As to this SHB in California situation, it is well known fact that SHB was brought into Ca during the almonds last year (and likely before) and then distributed and far and wide after the bloom. So in my opinion the restrictions now are futile and serve no purpose but to help push the pollination market pendulum toward the shortage side of the equation and since I have SHB free hives to place this suits me just fine at the moment, not that I would wish any beekeeper to suffer at the hands of useless bureaucracy.
JBJ


----------



## peggjam (Mar 4, 2005)

I see options that maybe you can't see.

1)Take your hives to CA in the fall, rent holding yards and leave them there until pollination time.

2)Don't bother taking any hives at all. Let the growers suffer for a year or two, and then deal with them on your terms.

3)Have your hives in CA year round. No border crossing. 

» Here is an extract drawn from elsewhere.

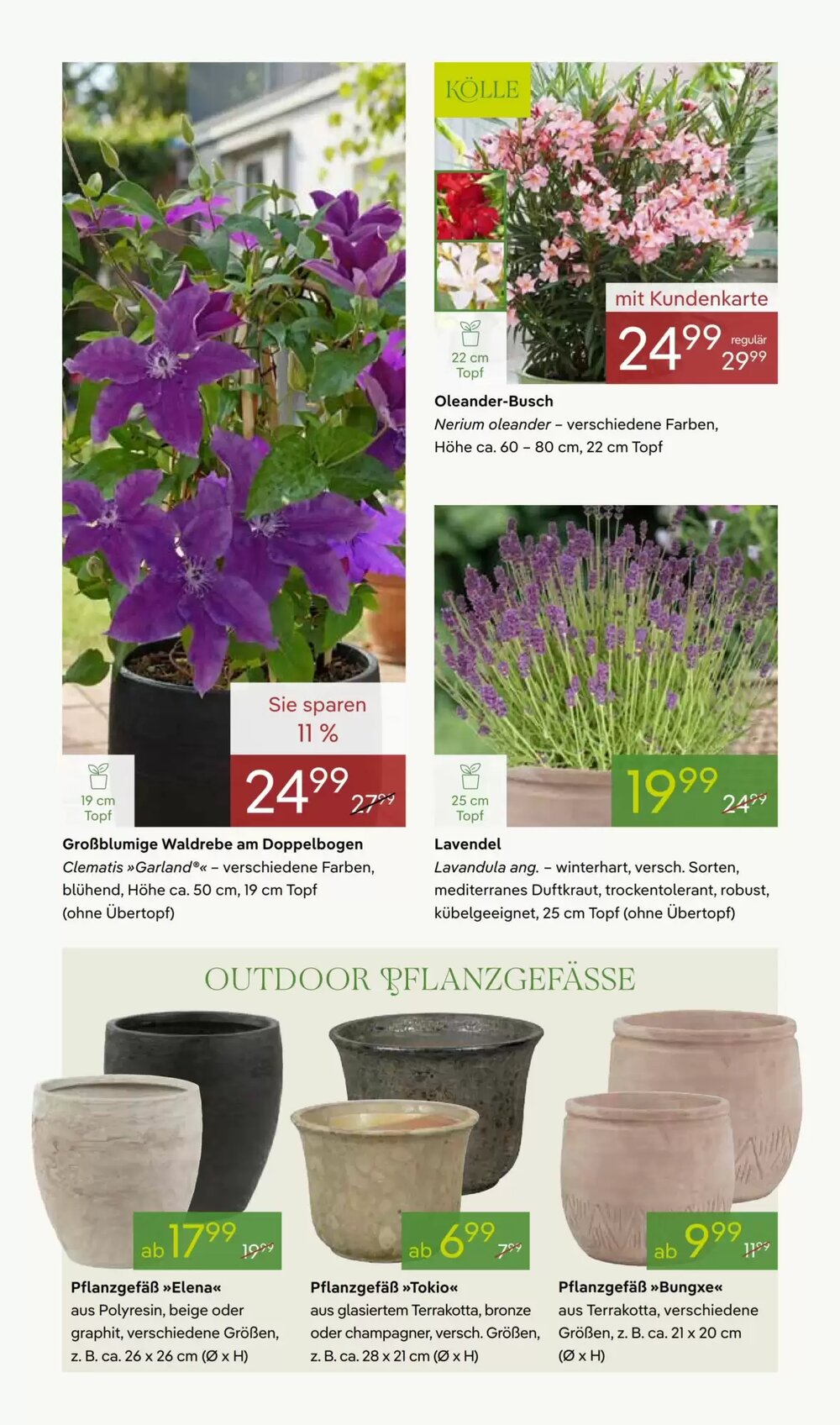 Pflanzen Kölle Prospekt (ab 27.04.2026) zum Blättern - Seite 4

If there is this much trouble getting into the orchards, then you arn't making any money and all it is is a hassle, why bother. When they have a few crop failures, you'd be surprized how smooth things will get for those willing to make the trip to CA. I don't even like almonds, so I could care less if they get pollinated. Just my .02, for what it's worth.


----------



## Trevor Mansell (Jan 16, 2005)

I just talked to a beekeeper from here goining out there, they stoped him at the border for shb but after the county inspector said it was no problem they let him go thru. It seems that alot of beekeepers arent doing there homework before they get to the border.


----------



## Bob Harrison (Mar 15, 2005)

Trevor,
You are correct but what the beekeeper did not tell you is a hold is placed on the bees for 30 days while treatment for SHB is done. The bees can not to be moved until treatment is complete and a final inspection made. Tom Kennedy said he would get on a plane and fly to California to treat for SHB. The state said NO. That they would have the load treated and the expense charged to Tom.
Why would Tom want to enter the state, unload his hives, pay the state to treat for SHB (which are going to get right back in when he returns home)not be able to rent his hives for pollination as they will be held in a holding yard for thirty days ,find a truck back and then pay to have the load reloaded and neted?
In other words Trevor why enter if you can not get paid for almond pollination? If the state of California had not dropped the ball and had informed beekeepers of the hold then loads could have been shipped 45 days in advance. Allowed to enter all but certain counties (of which I have never been able to find out are!)and be so called treated by the California inspection service. Do those people really think SHB is going to hang around in those hives while being treated?
It really is not the beekeepers not doing their homework as the California inspection service not informing beekeepers of the new rules!
All commercial beekeepers want is a clear explanation of the rules so they can plan accordingly. Sitting at the border is not the place to get the rules changed. I know as I have tried!


----------



## loggermike (Jul 23, 2000)

What a year!There is definitely grower resistance to the 145-150 level.There is also price cutting on bees that came in on speculation that they would rent(JBJ is right-dont panic yet).There are also reports of lots of deadouts.I drove through a holding yard yesterday with hundreds of deadouts in it.Dont know the origin of those hives.
I think the bottom line is good hives will rent, but the marginal ones that would rent in an average year,will need to be left behind.The growers are going to be very picky at these price levels.
I agree the state is screwing up on the hives with shb.They should be allowed to proceed and be treated in the orchard.Some of us thought thats what was going to be the policy.Wrong.I could understand turning back hives from counties where there are no confirmed finds at this time, but there is no excuse for keeping the hives out of those counties (mostly the south ,I hear)that have shbs confirmed.
Next year as the big increase in acreage starts blooming,I think the growers will wish there were more beekeepers still in business.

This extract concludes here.